7 respostas para JUNHO (COPA DO MUNDO)

  1. Igordx disse:

    esse longa do CASSETA & PLANETA não vou perder meu tempo assistindo, logo mais agora!
    ____

    Já esse sobre a COPA DO MUNDO, eu já assisti o trailler mas ainda não consegui assistir ele, algum dia eu conseguirei!!! HAHAHAH

  2. Natalia Xavier disse:

    Achei interessante este O Milagre da Berna, vou assistir!
    Qto ao Casseta & Planeta, já imaginava mesmo que não seria nada digerível… rs

    Obrigado pelo comentario no Le Matinée! Gostei do seu tb, vou linká-lo lá!

    Abs!

  3. Natalia Xavier disse:

    hahahaha normal! Chamo todo mundo de cara tb!

    Blog linkado!

    Abs!

  4. ::: “O Milagre de Berna” é lindo, sensível, estimulante. O final é emocionante. Como vc bem escreveu, não é só futebol. É a família tentando se reestruturar com a volta do pai da guerra, são os alemães com a mesma sensação de derrota que todo brasileiro tem na Copa – somos todos iguais, enfim. A cena em que o jogador alemão está desolado em campo, na final, e vê o pequeno Matthias olhando para ele… O pai dando um tapa no menino antes disso… O pai se tocando e levando o garoto para o estádio… Assino embaixo do post e recomendo muito!

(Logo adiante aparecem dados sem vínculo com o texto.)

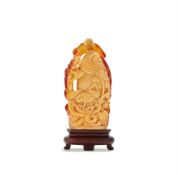 Y A Chinese carved hornbill 'Lotus pond' snuff bottle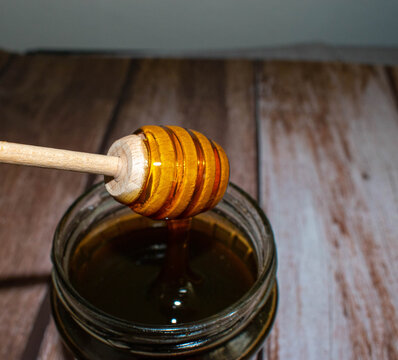 Wooden Honey Dipper Drizzling Honey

  5. Hudson Cardins disse:

    Assisti a taça do mundo é nossa no cinema! :(

  6. gabriel disse:

    casseta e planeta já é bom na tv (hj nen tanto). não deve decepcionar no cinema. já vi o segundo filme deles e aprovei. só de ver o trailer adorei, quero ver se o filme em si vai corresponder minhas espectativas

  7. ACN disse:

    Aqui no Brasil, os piores filmes é os dois do casseta e planeta e Deus é brasileiro. Filmes totalmente dispensáveis. Não rebaixando (até porque curto muito), Os filmes da época da pornochanchada são beem melhores e teem muito mais história. Realmente “Filme para se queimar” e apagar da memória!